Results: During 1991-2001, VAERS received 128,717 reports, whereas >1.9 billion net doses of human vaccines were distributed. The overall dose-based reporting rate for the 27 frequently reported vaccine types was 11.4 reports per 100,000 net doses distributed. The proportions of reports in the age groups <1 year, 1-6 years, 7-17 years, 18-64 years, and >/= years were 18.1%, 26.7%, 8.0%, 32.6%, and 4.9%, respectively. In all of the adult age groups, a predominance among the number of women reporting was observed, but the difference in sex was minimal among children. Overall, the most commonly reported adverse event was fever, which appeared in 25.8% of all reports, followed by injection-site hypersensitivity (15.8%), rash (unspecified) (11.0%), injection-site edema (10.8%), and vasodilatation (10.8%). A total of 14.2% of all reports described serious adverse events, which by regulatory definition include death, life-threatening illness, hospitalization or prolongation of hospitalization, or permanent disability. Examples of the uses of VAERS data for vaccine safety surveillance are included in this report.
Interpretation: As a national public health surveillance system, VAERS is a key component in ensuring the safety of vaccines. VAERS data are used by CDC, FDA, and other organizations to monitor and study vaccine safety. CDC and FDA use VAERS data to respond to public inquiries regarding vaccine safety, and both organizations have published and presented vaccine safety studies based on VAERS data. VAERS data are also used by the Advisory Committee on Immunization Practices and the Vaccine and Related Biological Products Advisory Committee to evaluate possible adverse events after vaccinations and to develop recommendations for precautions and contraindications to vaccinations.
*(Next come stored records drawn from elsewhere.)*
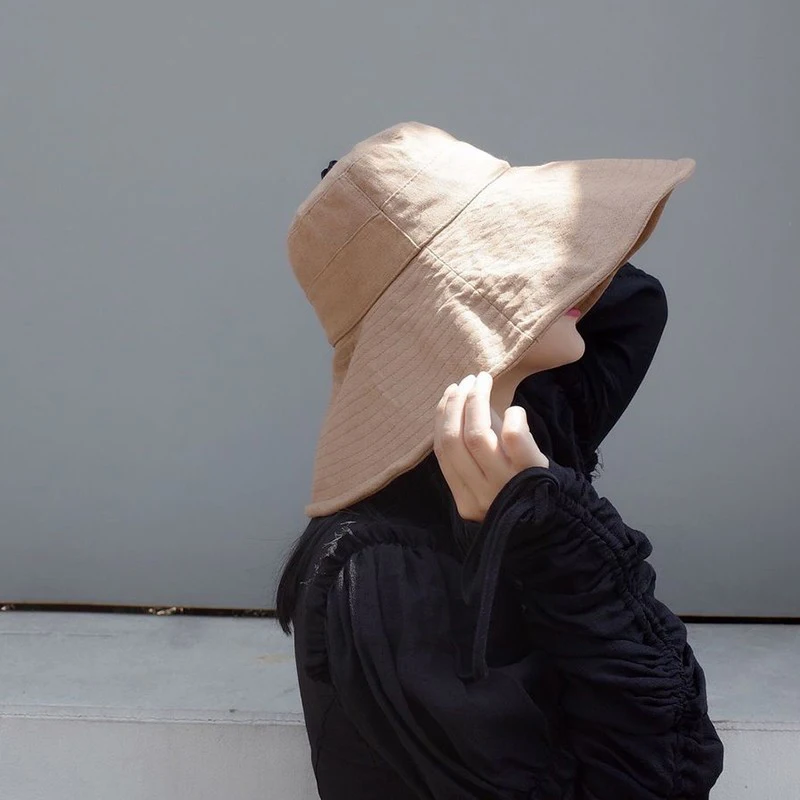 

[EAM] 2021 New Summer Round Dome Big Hat White Solid Color Foldable Fishermen Hat Women Fashion 3 Colrs Tide All-match JF869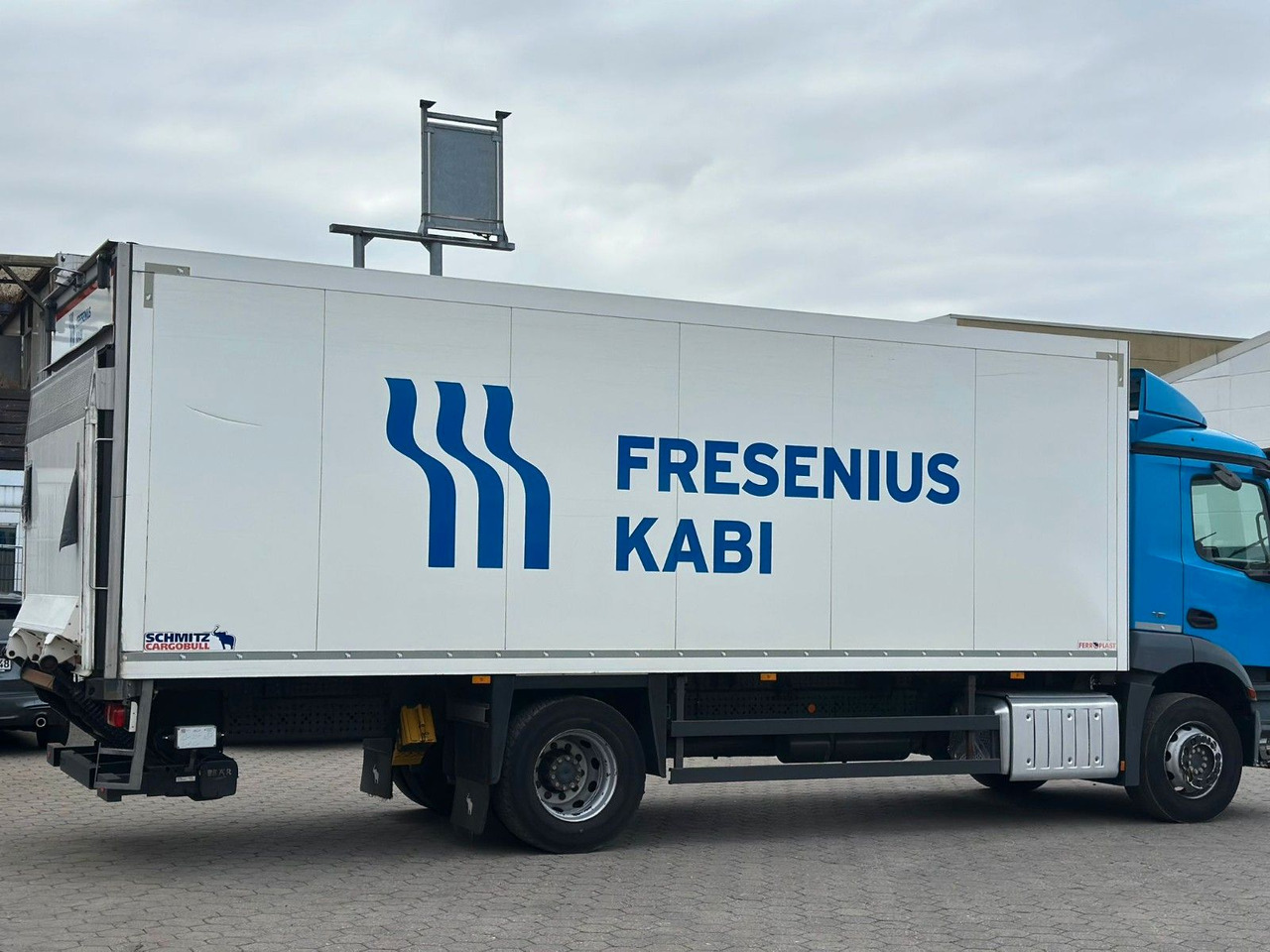 Mercedes-Benz Antos 1830+Isolierkoffer - Box truck: picture 4 Mercedes-Benz Antos 1830+Isolierkoffer - Box truck: picture 4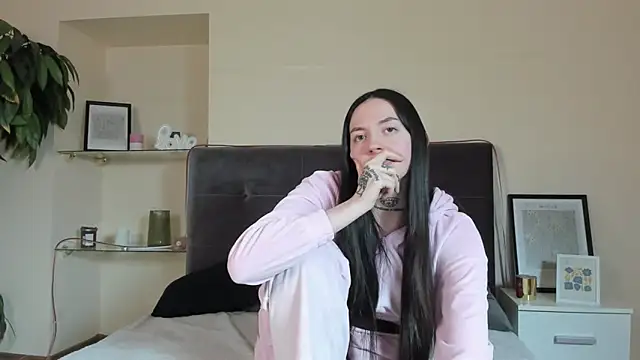 AdrianaCult online show from 9, 2, 2026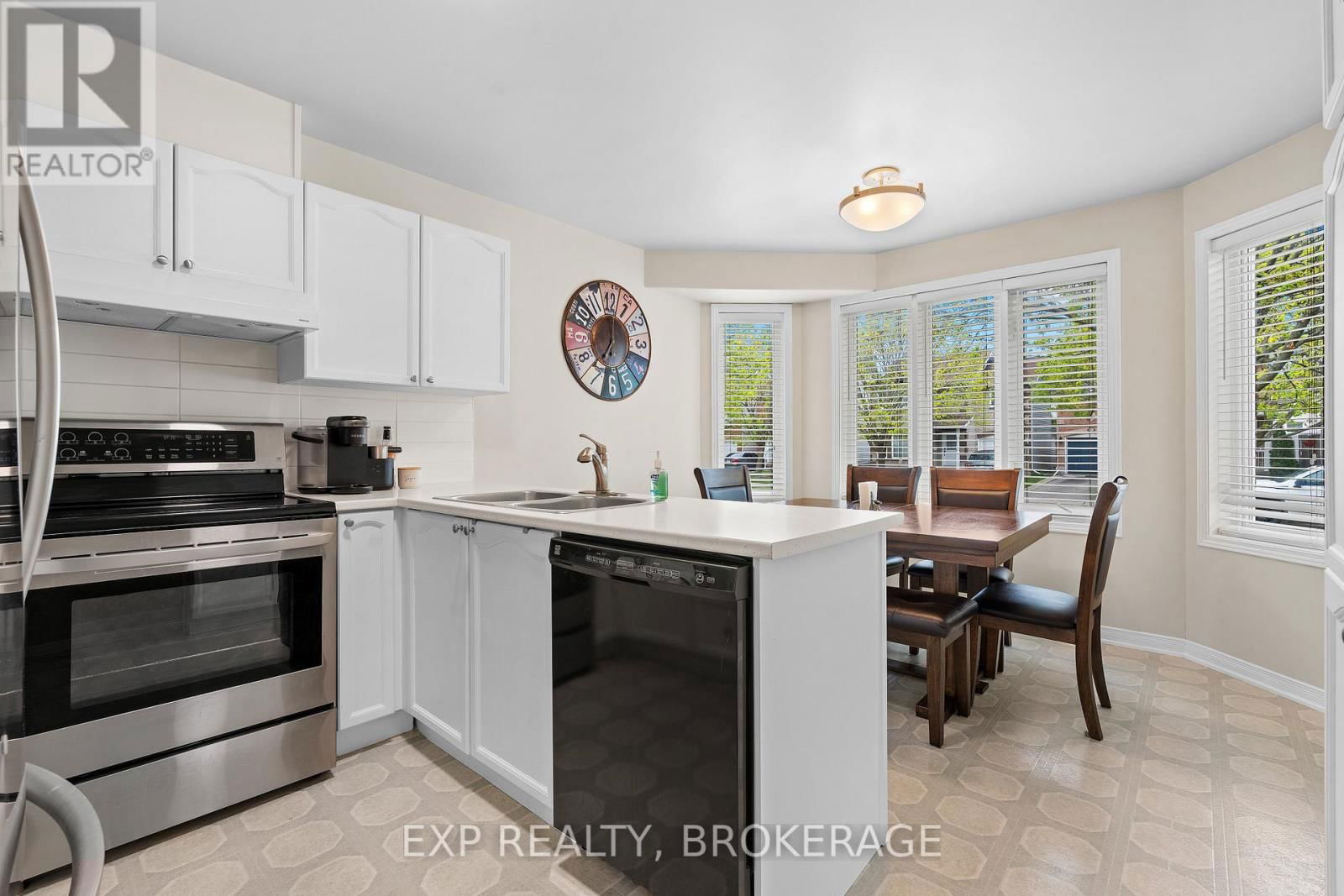 435 FIELDSTONE DRIVE Image 12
Reviews of VAERS reports and the studies based on VAERS reports during 1991-2001 have demonstrated that vaccines are usually safe and that serious adverse events occur but are rare.
Public health actions: Through continued reporting of adverse events after vaccination to VAERS by health-care providers, public health professionals, and the public and monitoring of reported events by the VAERS working group, the public health system will continue to be able to detect rare but potentially serious consequences of vaccination. This knowledge facilitates improvement in the safety of vaccines and the vaccination process.